While setting up the hive, a friendly little tiger beetle stopped by. Well friendly is a bit emotive, but it stayed still long enough for a picture. It’s probably looking for it’s next meal, and I’m glad tiger beetles are really small! This little guy is the six-spotted tiger beetle and he has some good sized chompers.


I’ve learned a lot more about tiger beetles (and other insects, trees, plants…!) thanks to Beetles in the Bush’s amazing pictures and information.  I can’t say for sure, but I’ll bet he’s got a big smile on his face while testing out his new DSLR photo system.  His picture of the six-spotted tiger beetle is awesome!

Rain Coming, Bees are Busy

September 3rd, 2008

 The week has been very hot, but now the cooler weather arrives.  Both a cold front and the remnants from hurricane Gustav are converging in Missouri, and we expect several inches or more of rain tonight and tomorrow.   We need the rain but not too much!  I was able to spread another 20 tons of gravel on the driveway behind the house.   In the spring, the rainfall washed out much of the driveway and slope leading back towards the pond and woods.  I’ve been waiting for a nice dry week to spread it, and get the giant dumptruck back there.  Just in time for the rain, but the gravel should help slow down the velocity of the water.  At least it won’t be nearly as muddy!
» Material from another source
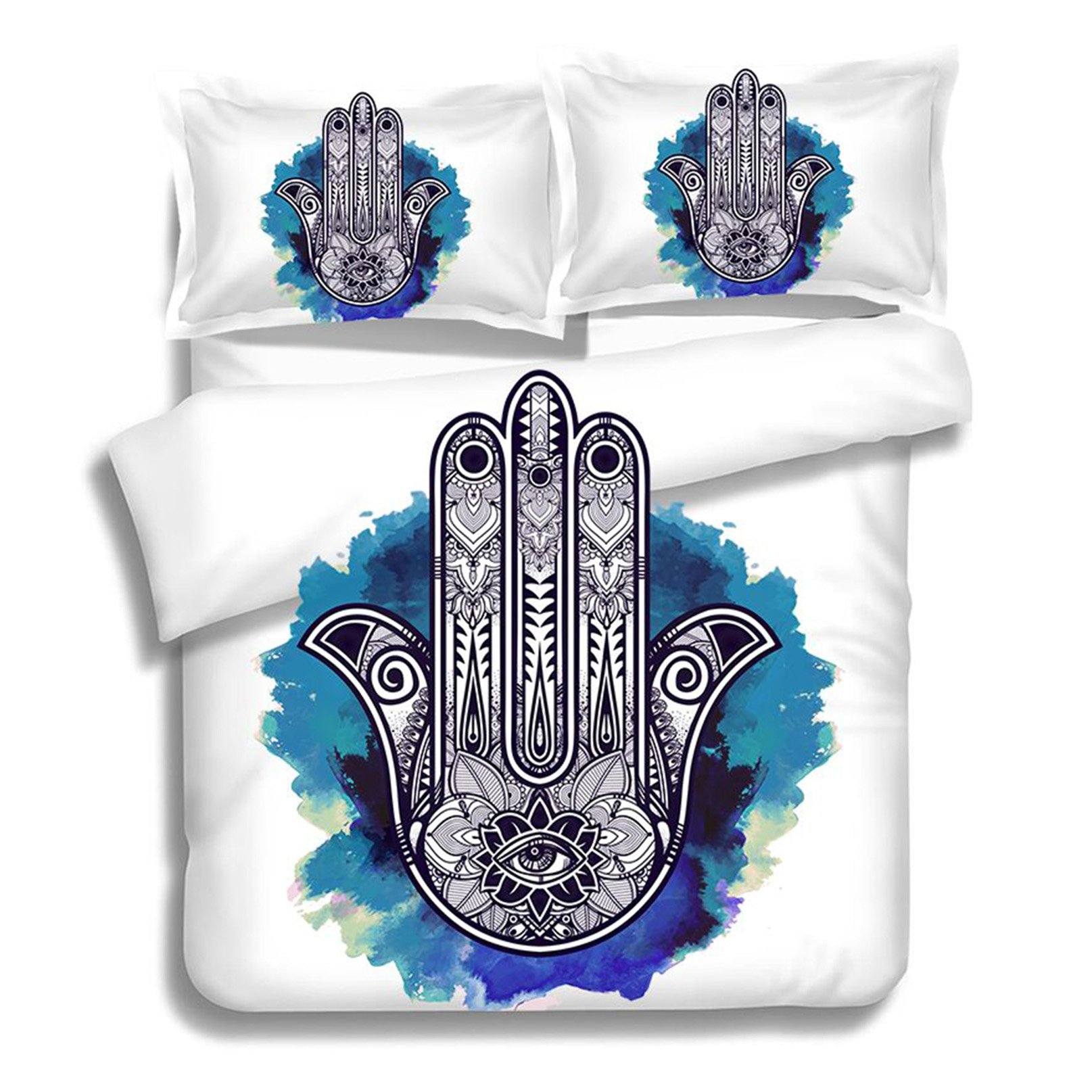 3D Ink Palm 161 Bed Pillowcases Quilt Wallpaper AJ Wallpaper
Here’s one of the honeybees gathering pollen from a Japanese Anemone flower.  Look at all that pollen on her leg!  They are also all over the sedum plants, but other than that I’m not sure what flowers they are visiting right now.  Goldenrod should be a major pollen source for them in the early fall, but what else?

Honeybee and Japanese Anemone flower

But the bees have been very busy, and I’m sure they sense the changing daylight and the autumn season coming fast.  If they make enough honey for winter, we may get to steal a little from them this year before the cold comes.  Keep working bees!